My wife and I get back over $3,000 every February when I file my family’s annual income tax return. My wife loves getting that money back from the federal government every year. It is kind of like a yearly bonus. I just wish that it would come before Christmas. Conventional personal finance advice would tell you though that you need to adjust your withholdings so that you don’t have too much tax withheld from your paycheck. A large income tax refund means that the government is taking too much of your money every month out of your paycheck. You are essentially giving the government an interest free loan.
You can adjust your withholding by submitting a new W-4 to your company’s HR or payroll department with an updated number of exemptions. While most employers do not advertise the fact, you have the right to change or updated your W-4 anytime you want to. To determine how many exemptions you should put down, I would use the IRS Withholding Calculator because some recent laws have made numerous “rules of thumb” obsolete.
To decrease the amount of money being withheld on your paycheck, you can increase the number of withholding allowances. A withholding allowance is used in the formula when figuring the amount of income tax to be withheld from your paycheck. The more allowances you claim, the less money that will be withheld for taxes. The maximum number of withholding allowances is ten. Be careful though, if you underpay your tax liability, you will end up owing more taxes at the end of the year when you file your income tax return.
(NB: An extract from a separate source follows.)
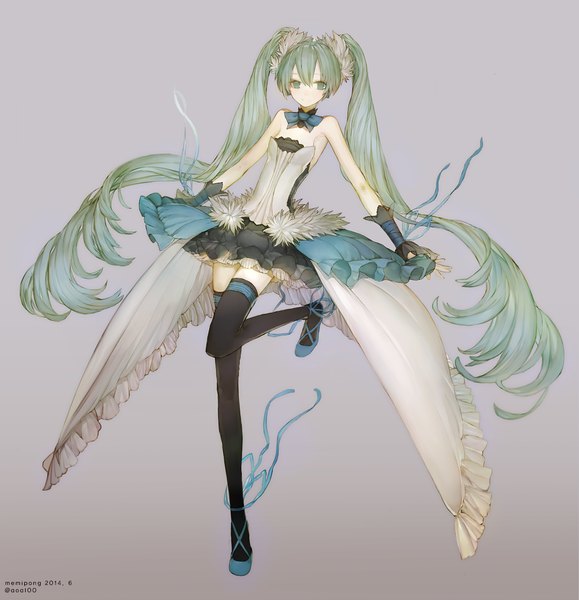 Anime picture 1195x1237 with 7th dragon vocaloid hatsune miku memipong single tall image looking at viewer fringe simple background twintails bare shoulders full body bent knee (knees) very long hair aqua eyes aqua hair zettai ryouiki girl thighhighs dress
Your withholding allowance can be increased or decreased by completing a new W-4.
I personally over pay the government about $3,000 a year (the size of my average income tax refund). There are so many other things that you can do with that extra money that you give the federal government.
Pay Off Debt. The immediate benefit of adjusting your withholding is that you’ll have more money in your paycheck every month. If you’re in debt, especially high interest credit card debt, you can use this new found money to increase the amount of money you contribute to paying off that debt faster than you had originally planned.
For example, if you have $5,000 in credit card debt with an average interest rate of 15% APR, it would take you over 22 years if you paid the monthly minimum of $111 towards the debt (with no other spending). If you were to increase that monthly payment by the extra $200 you overpay the federal government in taxes every month ($3,000 refund divided by 12 months = $250), you would be done in only 19 months (1½ years). You will also pay less total interest over the life of the debt (approximately $5,000 versus $600) by paying more than the minimum payments.
Invest The Difference. You can also invest the extra money you will be saving by changing your W-4 withholdings. $200 extra dollars invested every month in a good growth stock mutual fund earning an average of 6% per year will grow to $32,775 in ten years and $92,400 in twenty years.
Save The Difference. Do you have six to twelve months of your living expenses saved in an emergency fund? You can save the extra money every month that will show up in your paycheck after you change your W-4 withholdings in a high yield savings account. As of August 2009, HSBC Direct Online Savings accounts earn 1.55% APY, 1.70% at Ally Bank, or up to 1.65% with an ING Direct Orange Checking Account. You can lock in some of the best certificates of deposit (CD) rates with investments as little as $1 at Ally Bank which is offering customers 2.0% interest on a 1 year CD.